We cross the Las Alpujarras road, descending village alleys and twisted way, past fountains and concrete troughs loaded with geranium clusters of lipstick-red. Sheep and goats ramble sloping paddocks; an ancient olive showing the way, its gnarled trunk striped white and red.
A 10min track falls to the village of Pitres, between stands of walnuts and cherries. Large homes nestle on higher wooded terraces. Chaparrals are scarlet roses, lining cobbled, tinkling channels of cold mountain water, falling to the sister hamlets of Mecina, Mecinella and Fondales; paths through an urban Moorish maze, between odd-angled walls, and finally standing on the Trevelez.
At 1200m, Ferriola emerges from the green of unruly fig thickets. A broken pomegranate tops the gateposts, the symbol of Boabdil’s Granada.
We amble on tessellated grey slate between two walls, under wooden beams and someone’s living room to sip peppermint tea in a shop doorway. A tabby cat sprawls in afternoon sun, among TV aerials, chimney toadstools and straggling rooftop wildflowers.
Past an open trough of a laundry, we find a bar and buy costa in a plastic Coke bottle; a local concoction somewhere between moselle and sherry. Tonight’s lodgings are converted stables – our Swedish hosts living above – whitewashed walls and beams, a low rickety door; winding steps down to a cave-like bedroom, bathroom and rustic sunken kitchen. In the morning I pay Sven and wonder what a Swede is doing way down here. He laughs, and answers in perfect English. “Ah yes, I see…..we are great walkers, and have been many places. ” He tweaks the end of a white pointed beard. “It is the ghosts that keep us here.”
It’s 5mins to La Gaseosa, a fizzy-sweet mineral-water fountain spouting from a blue and yellow mosaic tiles into a concrete basin. Tied twisted twigs make an artwork of a farm stock gate.
At the Busquistar turn, a shale path weaves past dishevelled stone shepherd huts and walls, across dry wild country falling again to the gurgling Trevelez. Ducking under a wooden lintel to enter Moorish ruins; the mill’s walls broken and tumbled down. We share plastic cups of the yellow-brown costa.
In the morning we leave a sleepy Notaez on a goat track across rolling hills, the ground damp, pungent thyme and rosemary crushed underfoot. From here it’s mostly uphill to Castaras, then Nieles, to a flooded crossing and cold feet: the recently swollen Guadalfeo. We arrive in the dark, wet and bedraggled to the welcoming luxury of Alqueria de Morayma. There’s almond soup, pork and lamb; us on wooden stools by crackling log fire and bar. My thoughts settle on Boabdil and his 15yr old bride; the ‘tender Morayma’.
In the morning we wake to sun on shining white walls across the valley, and complaining turkeys penned just outside. Our bus leaves the Cadiar square, by a 16th century Renaissance church. Old men in tweed jackets and ties are lost in conversation and clouds of cigarette smoke.

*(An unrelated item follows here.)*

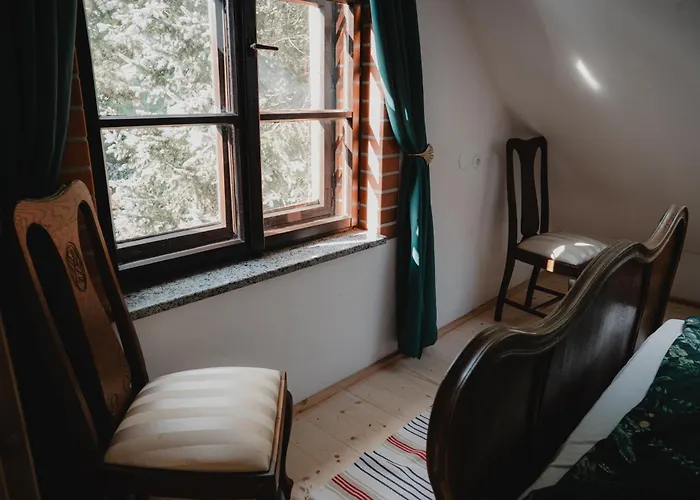 W Zabytkowej Stajni Nad Jeziorem Z Dostepem Do Parku I Sasiedztwem Xix Wiecznego Dworku Modrzewiowego Chata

At Ugijar, we’re almost at the end of our quest and our journey’s most eastern reach.
Boabdil was here for less than a year when Isabella – on the advice of her Catholic confessor – banished him from Spain; his people here for another 100yrs, until they too were expelled around 1570, leaving two families of Moors per village to teach newcomers farming and water management.
I wipe sweat from my neck with a grotty bandanna, our trail leading upward along a dusty, dirt road; past endless olive rows all the way to Las Chimeneas guest house. Late afternoon we sit drinking Spanish beer and take in the perfumes of a Moroccan tajine. Smoking logs burn in a cast-iron stove; clouds journey overhead, shifting shadows on rolling hills and a distant Mediterranean.

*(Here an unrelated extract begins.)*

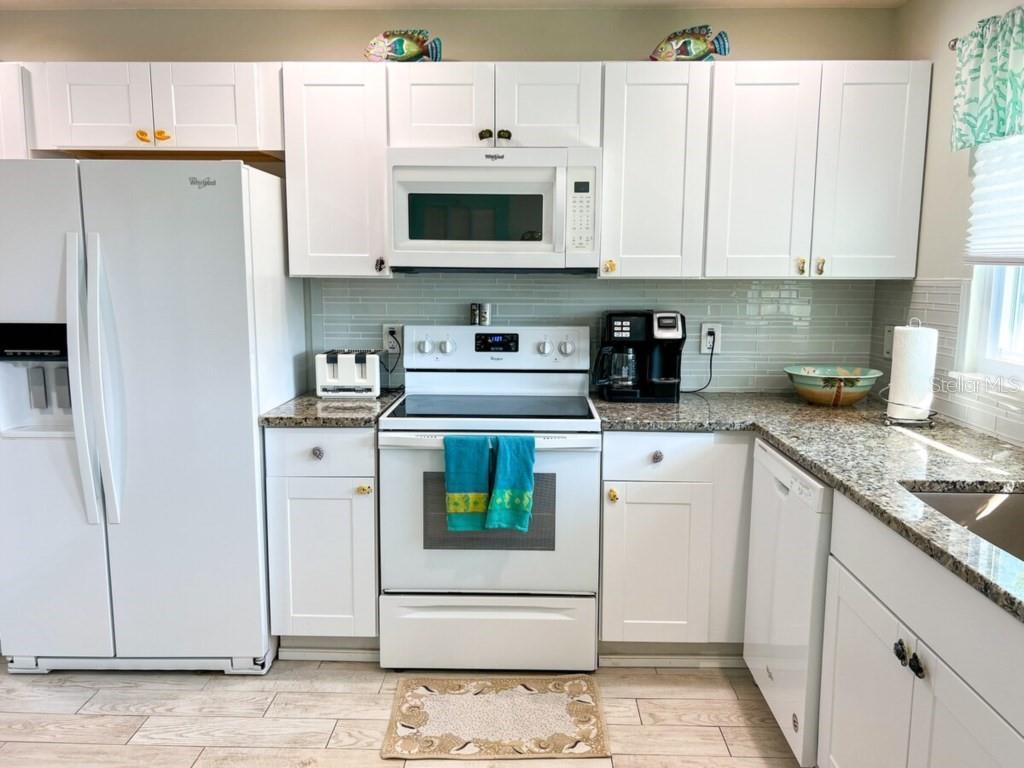 308 60TH ST #A, HOLMES BEACH, FL — photo 8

Next morning there’s one last thing: to follow a creek through stands of pines, skirting snowdrifts to lunch on Mulhacen’s 3600m shining white cap: the burial place of Boabdil’s cruel father.
Panoramic views stretch north to Granada and south over coastal hills, the Mediterranean, and on to Morocco, the Rif Mountains and the World Heritage city of Fez; where Boabdil `The Unfortunate’ fell in 1527, fighting an obscure battle for some obscure African cause.

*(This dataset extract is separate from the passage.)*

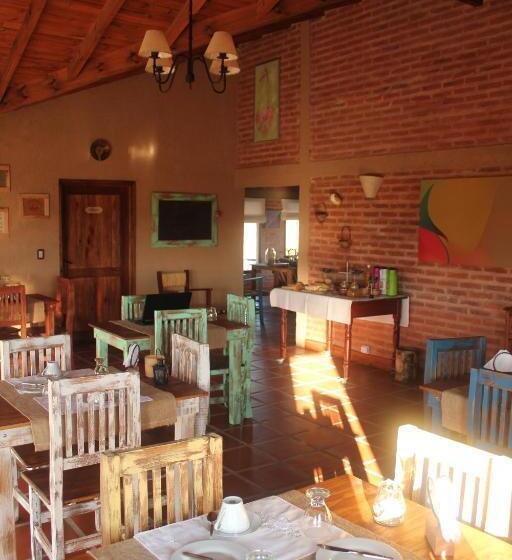 مبيت وإفطار Refugio Del Guira Guira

Hi Ian. What a wonderful trip you and your girlfriend took following in the footsteps of Boabdil. Thoroughly enjoyed the history you included as you so richly described your travels in such a beautiful part of Spain. I really must see it one day. Fantastic photos too. Really love the architecture of those old buildings. The Alhambra is stunning.
Hullo Madilyn.
Thank you!
I suspect the words comes a little easier in magical surrounds.
Hope you do get there.
Hi Ian,
Just discovered your great Blog—I am enjoying it. I kept a house in the Alpujarras for years. I think you have confused two charming anecdotes about Boabdil.
In the first, the spot where Boabdil & his retreating entourage had the last glimpse of Granada, he sighed (not cried) & the spot is still to this day known as ‘El Suspiro del Moro’, The Moor’s sigh.
In the second he cries at his loss of the only verdant lands of the kingdom in front of his mother who famously admonishes: “That’s right, cry like a woman for that which you were unable to defend like a man.”
It is also interesting to note that the water management you mention, a complex irrigation system that doles out the molten snows to each piece of arable land fairly, is still in use today in much the same form as it was then (excepting parts of irrigation ditches that have been lined with concrete). One still gets up at the hour assigned, walks up the mountain & changes the water’s direction with a bit of mud in order to send it along another ditch—along which you walk your water down to your land.
Thanks Paul,
Ah yes, so many stories. How lucky you are to have kept a house in that charmed part of the world.
Thanks also for dropping by, & the kind words of course.
One of my good friends is in Spain right now, and just visited Alhambra. He’s a really good photographer like you, so I’ve been enjoying all his photos and descriptions. I’ve never heard of Boabdil the Unfortunate, but jeez! Poor guy! He never could catch a break! I enjoyed reading about how you retraced his footsteps. I’m assuming costa is some type of liquor? The almond soup sounds intriguing!
Yes Kris, it is a great area for photography.
The costa was a local wine, with me surprising the locals by buying some to go… a litre plastic bottle as I recall.
Ian, I am at a loss of words and this is what has happened to me often while reading your fascinating travelogues traversing the past as well as the present, and presenting vivid images across the ramparts of time. Beginning the journey from the ruddy Alhambran citadel alongside Boabdil, moving ahead to Las Alpujarras in the foothills of Sierra Nevada and beyond in the Moorish outback, I have followed the story spellbound. I move away from here with mystical visions of Spanish history and geography.
Thank you Uma.
(FYI, although fascinated by Boabdil’s story for some time, it was Rushdie’s fictional tale on the `unfortunate’ last sultan that drove me to finally put pen to paper – Rushdie being a scribbler in a parallel universe to yourself of course.)
Ian, your writing is like a raid on the dictionary: words I never see or hear anywhere but in your colorful and effusive descriptions. In your last paragraph you speak of panoramic views, and that’s what your writing never fails to do: create a panoramic view of man’s fate against the immense background of nature and history.
So glad you enjoyed the `painting’ NP.